REQUIREMENT >> From the line that contains "Biomolecules 14 00418 g001" through the line that contains "安徽省安庆市桐城市汪氏敦睦堂族谱-皖桐汪氏宗谱.pdf电子版预览图1", output every line of the listing below exactly and leave out all the rest.

EXERCISE INPUTS >>
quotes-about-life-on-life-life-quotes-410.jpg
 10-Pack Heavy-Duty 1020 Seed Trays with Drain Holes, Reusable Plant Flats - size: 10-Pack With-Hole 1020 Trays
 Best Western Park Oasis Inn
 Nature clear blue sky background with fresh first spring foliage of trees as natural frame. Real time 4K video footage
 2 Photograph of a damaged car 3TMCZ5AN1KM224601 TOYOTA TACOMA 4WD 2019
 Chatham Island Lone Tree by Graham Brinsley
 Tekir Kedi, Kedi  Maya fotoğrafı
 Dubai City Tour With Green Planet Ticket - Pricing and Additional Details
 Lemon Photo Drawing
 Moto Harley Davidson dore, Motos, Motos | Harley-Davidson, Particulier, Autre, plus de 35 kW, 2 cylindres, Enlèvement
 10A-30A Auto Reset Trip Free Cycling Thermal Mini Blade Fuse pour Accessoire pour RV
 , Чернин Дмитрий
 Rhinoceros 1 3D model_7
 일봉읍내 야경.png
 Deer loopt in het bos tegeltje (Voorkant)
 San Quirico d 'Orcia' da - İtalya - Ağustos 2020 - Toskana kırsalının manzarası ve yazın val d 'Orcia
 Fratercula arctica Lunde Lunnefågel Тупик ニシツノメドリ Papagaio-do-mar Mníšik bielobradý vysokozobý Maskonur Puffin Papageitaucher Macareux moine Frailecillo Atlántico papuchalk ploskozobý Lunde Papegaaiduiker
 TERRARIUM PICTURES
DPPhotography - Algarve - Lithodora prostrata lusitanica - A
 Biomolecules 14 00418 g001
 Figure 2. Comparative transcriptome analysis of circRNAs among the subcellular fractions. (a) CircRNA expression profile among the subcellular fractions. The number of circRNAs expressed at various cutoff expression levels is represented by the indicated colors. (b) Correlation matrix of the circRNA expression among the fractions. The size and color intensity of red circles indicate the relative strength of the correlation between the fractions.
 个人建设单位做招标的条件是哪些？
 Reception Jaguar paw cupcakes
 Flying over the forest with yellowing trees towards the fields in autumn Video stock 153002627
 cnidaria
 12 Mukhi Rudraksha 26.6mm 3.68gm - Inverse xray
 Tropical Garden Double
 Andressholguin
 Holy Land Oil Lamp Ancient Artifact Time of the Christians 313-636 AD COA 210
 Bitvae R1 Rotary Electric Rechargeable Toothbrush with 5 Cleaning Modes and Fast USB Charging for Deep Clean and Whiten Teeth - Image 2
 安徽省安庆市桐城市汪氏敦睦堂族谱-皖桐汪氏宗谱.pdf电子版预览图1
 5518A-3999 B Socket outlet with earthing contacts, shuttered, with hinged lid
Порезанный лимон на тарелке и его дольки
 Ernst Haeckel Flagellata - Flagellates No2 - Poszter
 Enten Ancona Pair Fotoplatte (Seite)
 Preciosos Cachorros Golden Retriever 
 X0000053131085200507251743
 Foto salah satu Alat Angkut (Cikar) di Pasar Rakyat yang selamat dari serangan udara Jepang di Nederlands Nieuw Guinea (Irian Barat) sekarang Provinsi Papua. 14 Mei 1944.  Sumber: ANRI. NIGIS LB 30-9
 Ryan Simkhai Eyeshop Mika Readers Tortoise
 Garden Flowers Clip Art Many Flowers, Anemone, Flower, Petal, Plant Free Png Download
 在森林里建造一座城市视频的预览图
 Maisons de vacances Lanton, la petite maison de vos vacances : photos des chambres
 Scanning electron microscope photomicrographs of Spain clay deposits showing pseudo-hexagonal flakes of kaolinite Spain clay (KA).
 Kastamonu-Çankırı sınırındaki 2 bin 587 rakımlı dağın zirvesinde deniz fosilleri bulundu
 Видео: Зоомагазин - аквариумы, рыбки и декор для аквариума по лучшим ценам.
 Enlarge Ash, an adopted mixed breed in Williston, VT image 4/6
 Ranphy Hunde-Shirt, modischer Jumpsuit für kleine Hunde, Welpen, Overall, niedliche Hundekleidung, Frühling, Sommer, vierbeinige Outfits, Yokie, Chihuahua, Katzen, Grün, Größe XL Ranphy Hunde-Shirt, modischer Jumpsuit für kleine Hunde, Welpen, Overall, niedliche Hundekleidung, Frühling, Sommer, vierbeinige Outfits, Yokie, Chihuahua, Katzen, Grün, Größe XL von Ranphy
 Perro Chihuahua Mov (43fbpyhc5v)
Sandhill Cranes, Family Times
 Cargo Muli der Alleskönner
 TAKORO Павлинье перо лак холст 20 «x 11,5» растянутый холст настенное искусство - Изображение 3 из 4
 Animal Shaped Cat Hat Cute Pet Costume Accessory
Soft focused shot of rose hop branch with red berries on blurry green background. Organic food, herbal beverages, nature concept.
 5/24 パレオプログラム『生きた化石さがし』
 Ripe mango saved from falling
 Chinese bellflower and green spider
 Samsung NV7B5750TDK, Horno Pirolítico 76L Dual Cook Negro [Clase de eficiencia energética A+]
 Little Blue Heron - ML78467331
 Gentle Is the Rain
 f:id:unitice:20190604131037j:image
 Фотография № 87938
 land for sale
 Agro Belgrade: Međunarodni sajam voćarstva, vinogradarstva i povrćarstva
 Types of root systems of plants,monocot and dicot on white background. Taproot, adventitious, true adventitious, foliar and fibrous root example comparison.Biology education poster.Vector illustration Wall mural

SOLUTION TO THIS EXERCISE >>
 Biomolecules 14 00418 g001
 Figure 2. Comparative transcriptome analysis of circRNAs among the subcellular fractions. (a) CircRNA expression profile among the subcellular fractions. The number of circRNAs expressed at various cutoff expression levels is represented by the indicated colors. (b) Correlation matrix of the circRNA expression among the fractions. The size and color intensity of red circles indicate the relative strength of the correlation between the fractions.
 个人建设单位做招标的条件是哪些？
 Reception Jaguar paw cupcakes
 Flying over the forest with yellowing trees towards the fields in autumn Video stock 153002627
 cnidaria
 12 Mukhi Rudraksha 26.6mm 3.68gm - Inverse xray
 Tropical Garden Double
 Andressholguin
 Holy Land Oil Lamp Ancient Artifact Time of the Christians 313-636 AD COA 210
 Bitvae R1 Rotary Electric Rechargeable Toothbrush with 5 Cleaning Modes and Fast USB Charging for Deep Clean and Whiten Teeth - Image 2
 安徽省安庆市桐城市汪氏敦睦堂族谱-皖桐汪氏宗谱.pdf电子版预览图1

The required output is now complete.